Have you heard of Ikigai?
I had not until several years ago when this graphic started to make its way around LinkedIn. Since then, I see it once every few months as a reflective tool to help people narrow in on their reason for being, their reason to get out of bed every day.
In my initial encounters with the idea, I was very quick to go to the middle. What was the answer, I wondered. What is my one, singular, only, real purpose in life? What did God or Alannis Morisette or Universal Intelligence put me here to accomplish?
I started playing life darts–choosing paths of righteousness and glamor against a well to see what would stick. Perhaps to no one’s surprise, except my own, this was not a good way to find Ikigai.

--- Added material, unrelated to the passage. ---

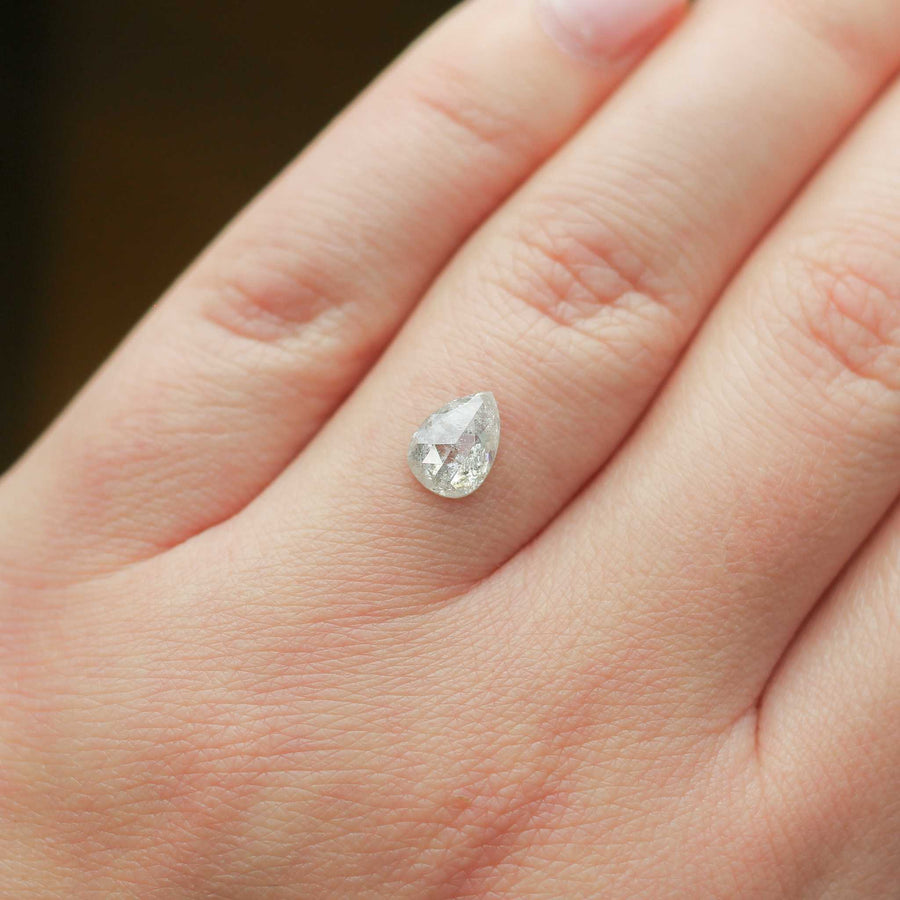 Pear shaped icy salt and pepper diamond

I went back, and I read more about the concept. I watched Dan Buettner’s Ted Talk about Okinawa and how Ikigai was a central part of their culture. The basic pattern that kept emerging was that this was something that took time. Developing sufficient self-awareness was required to have access to the part of your brain that would unveil this valuable secret.
So, I waited. Also, I journaled. I made more lists of things to throw at the wall. Nothing. Lots of silence greeted me in the dark echoes of my brain space.
Frustrated, I left the concept alone. I decided that I either need to go live in a cave somewhere for an extended period, which I was unwilling to do, or I would just have to wait for my damn turn.
But then I did what I love to do most: I bent the rules.
The four circles contain:
- That which you love
- That which the world needs
- That which you can be paid for
- That which you are good at
On the surface, these all seem quite straightforward, as though you could take them at face value. For some, perhaps they can. For me, though, I needed to reframe them. So I did:
- That which you love = That which makes you happy. Superlatives are the enemies of progress. When we try to figure out what we love, we start to pit our favorite activities against one another in an epic battle to decide if sleeping in or binging on Netflix is more enjoyable. But guess what? You can love both of them–they both make you happy. Rather than thinking about this category as something to narrow down to, think of this group as a limitless cavern of the awesome things that make you smile.
- That which the world needs = that which one person needs. Any time spent trying to figure out how you, as an individual with your daily decisions, can ultimately change the world, is going to be a time that leaves you feeling inadequate and sad. Changing the world requires a lot of time/effort/resources/people/energy. As many motivational memes have told you: One person cannot change the world, but you can change the world for one person. Start there. How can you make life better for one person?
- That which you can be paid for = that which you can be paid anything for. Spoiler alert: You can be paid for anything–we live in the age of the internet. If you develop and market any product or service, you can find a buyer. Again, the goal is not to find what you can be paid most for, or the best balance of time invested relative to money earned. This, much like that which you love, should be looked at as infinite in scope.
- That which you are good at = that at which you excel with little effort. Barring a very, very small subset of people on earth, almost everyone is not as good as someone else at everything that he/she does. But that is not the point! We are talking about finding a lifelong purpose. If you have to do something for the rest of your life, it would probably help if it comes at least a bit naturally to you, right?
This exercise did not get me closer to finding an answer. Instead, it helped me see how many different answers there could be.
If you accept the premise that anything can be a product or service, and that many things make you happy, that means two of the categories provide you a very, very wide range of options. The next standard is helping one person. Again, not asking for much. The last, and perhaps most time-consuming leg remains: What comes easily to you? What gives you flow? This one is hard to cheat, as only you know the answer to that.
However, I have a hunch. If you are not longer trying to answer that question while also trying to determine whether or not it is profitable, world-changing, and the one thing you love to do above all other things, you might have an easier time finding the answer.